What a great problem! Label the students with the numbers the letters $A$ through $M$. Motivation: Notice that the following 'pyramid' structure is very natural to consider. If the tests were chosen in numerical order, then $A$ would be admitted first, in the second test $B$ would be admitted as $A$ has already been chosen, and so on until $F$ is admitted. \begin{tabular}{l*{5}{c}r} Test & 1 & 2 & 3 & 4 & 5& 6 \\ \hline 1st& A & A& A & A& A& A\\ 2nd& {} & B & B & B & B& B \\ 3rd & {} & {} & C & C & C & C \\ 4th & {} & {} & {} & D & D & D \\ 5th & {} & {} & {} & {} & E & E \\ 6th & {} & {} & {} & {} & {} & F\\ \end{tabular}This is not necessary but it is sufficient in that every student that appears at the bottom of a pyramid (size $1$ to $6$) in some permutation can be possibly chosen. This idea leads naturally to the following construction. Construction: \begin{tabular}{l*{5}{c}r} Test & 1 & 2 & 3 & 4 & 5& 6 \\ \hline 1st& A & A& A & A& A& A\\ 2nd& B & B & B & B & B& B \\ 3rd & C & C & C & C & C & C \\ 4th & G & G & G & D & D & D \\ 5th & H & H & H & E & E & E \\ 6th & I & J & K & L & M & F\\ \end{tabular}

Great problem! (i love these yes no problems, specially this kind) Constriction: \begin{tabular}{l*{5}{c}r} Test & 1 & 2 & 3 & 4 & 5& 6 \\ \hline 1st& A & A& A & A& A& A\\ 2nd& B & B & B & B & B& B \\ 3rd & C & C & C & C & C & C \\ 4th & D & D & D & D & D & D \\ 5th & E & E & F & F & G & G \\ 6th & M & L & K & J & I & H\\ \end{tabular}It is not difficult to verify how this works.

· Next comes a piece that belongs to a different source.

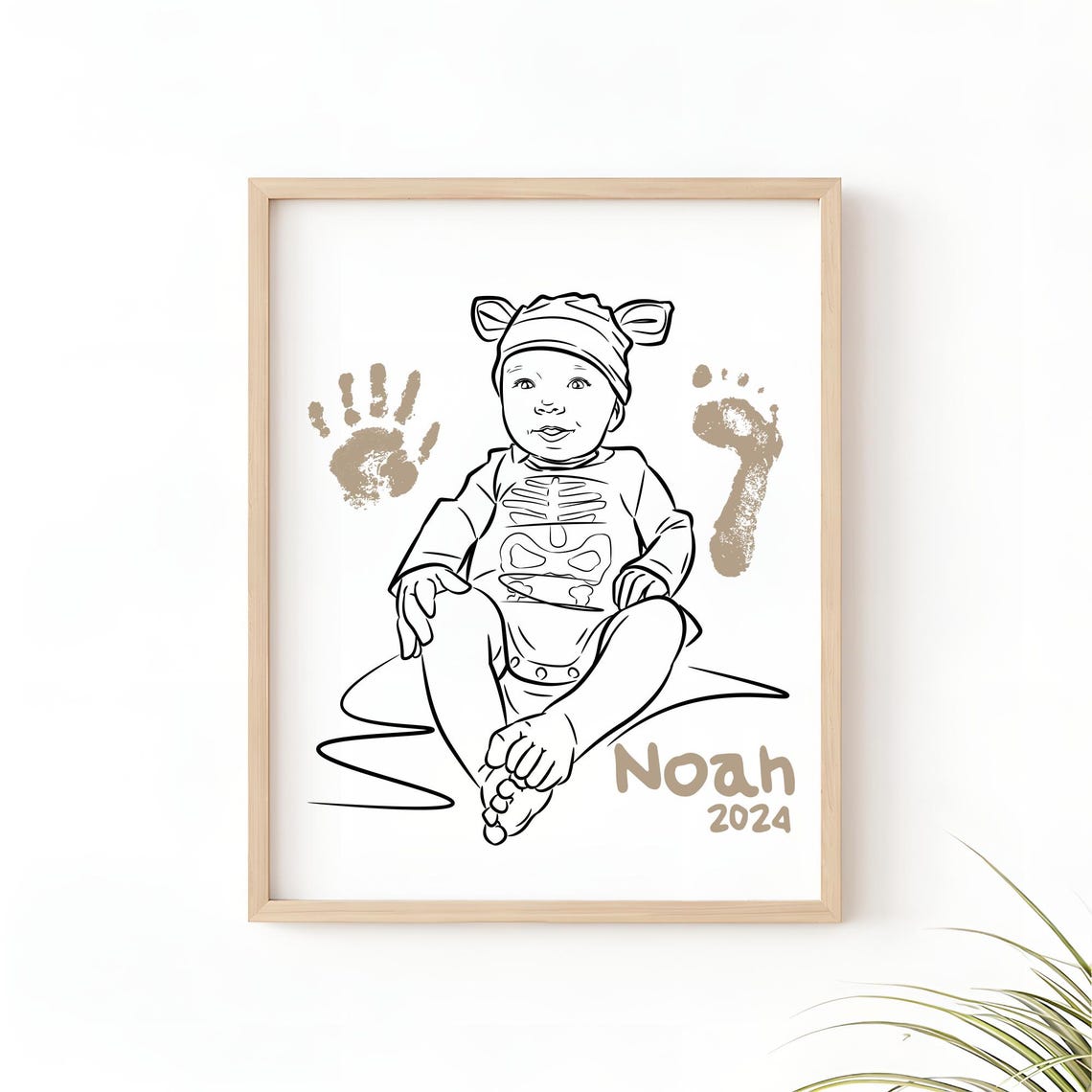 Personalized Baby Footprint and Handprint Line Art Portrait Print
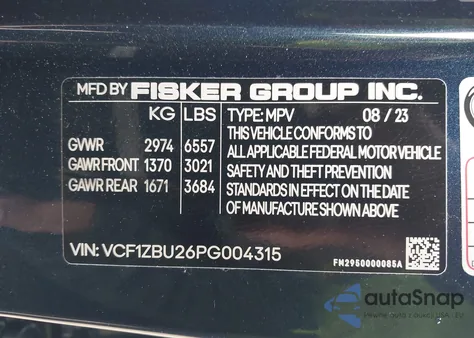 2023 Fisker Ocean One z USA, uszkodzony, nr VIN VCF1ZBU26PG004315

Yes, consider \[\begin{array}{|c|c|c|c|c|c|} \hline 1 & 2 & 3 & 4 & 5 & 6 \\ \hline A & A & A & A & A & A \\ \hline B & B & B & B & B & B \\ \hline C & C & C & C & C & C \\ \hline D & D & D & D & D & D \\ \hline E & E & F & F & G & G \\ \hline H & I & J & K & L & M \\ \hline \end{array}\]